Published online by Cambridge University Press:  29 June 2007

Hirofumi Harada*
Affiliation:
Department of Otorhinolaryngology, School of Medicine, Fukuoka University, 7-45-1 Nanakuma Jonan-ku, Fukuoka 814-80, Japan
Kimio Shiraishi
Affiliation:
Department of Otorhinolaryngology, School of Medicine, Fukuoka University, 7-45-1 Nanakuma Jonan-ku, Fukuoka 814-80, Japan
Toshihiko Kato
Affiliation:
Department of Otorhinolaryngology, School of Medicine, Fukuoka University, 7-45-1 Nanakuma Jonan-ku, Fukuoka 814-80, Japan
Toyoji Soda
Affiliation:
Department of Otorhinolaryngology, School of Medicine, Fukuoka University, 7-45-1 Nanakuma Jonan-ku, Fukuoka 814-80, Japan
*
Address for correspondence: H. Harada, M.D., Department of Otorhinolaryngology, School of Medicine, Fukuoka University, 7-45-1 Nanakuma Jonan-Ku, Fukuoka 814-80, Japan. Fax: 81-92-863-3387.

Abstract

In a pilot study, EEG changes during odour administration were evaluated by coherence analysis. Ten normal adults were studied. Simultaneous recordings of 16 EEG channels with, and without, odour administration were stored on magnetic tape for further processing.

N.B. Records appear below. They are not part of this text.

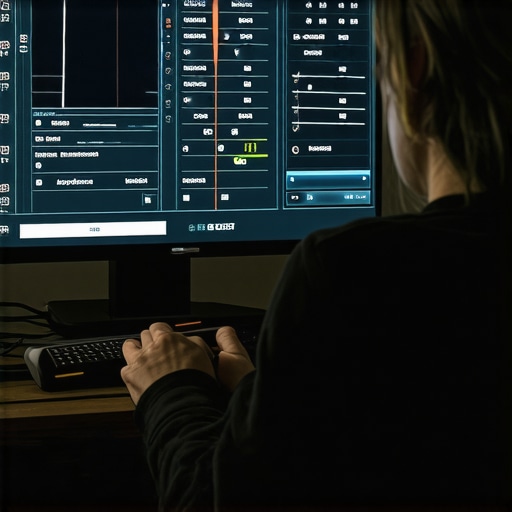 Person calibrating OLED TV with tools and software in a home theater setting.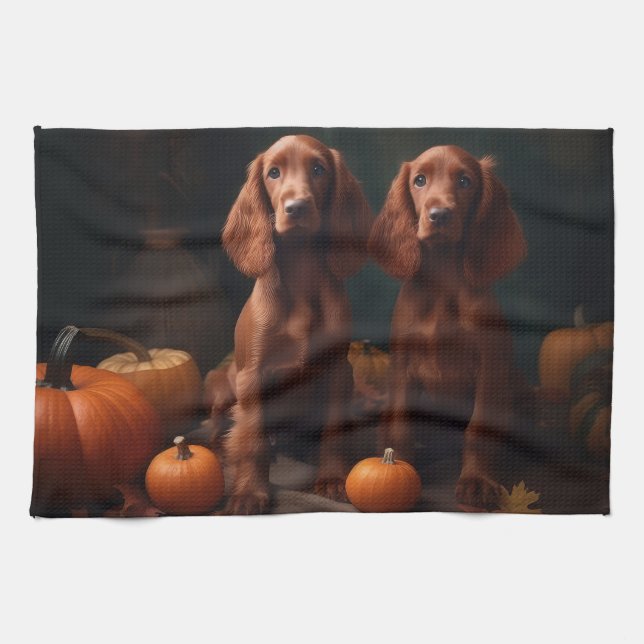Irish Red Setter Puppy Autumn Delight Pumpkin Kitchen Towel (Horizontal)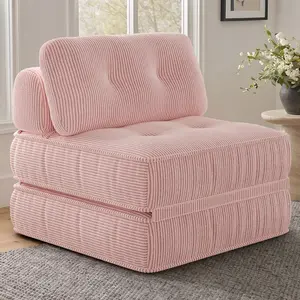 Sikaic Convertible Modular Folding Armchair with Pillows Cream, Multi-Functional Sofa Bed Flexible Sectional Coach for Small Spaces, Easy Assembly, Corduroy summergarden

EEG signals were analysed using a signal analyser. Coherence spectra were calculated between all possible channel pairs on the scalp. The amount of data was reduced by extracting broad band coherence values for five frequency bands: delta (2–3.9 Hz), theta (4–7.9 Hz), alpha 1 (8–9.9 Hz), alpha 2 (10–12.9 Hz), and beta 1 (13–17.9 Hz). Coherence values extracted from the control EEG recordings and those during odour administration were compared to evaluate the presence of any significant differences.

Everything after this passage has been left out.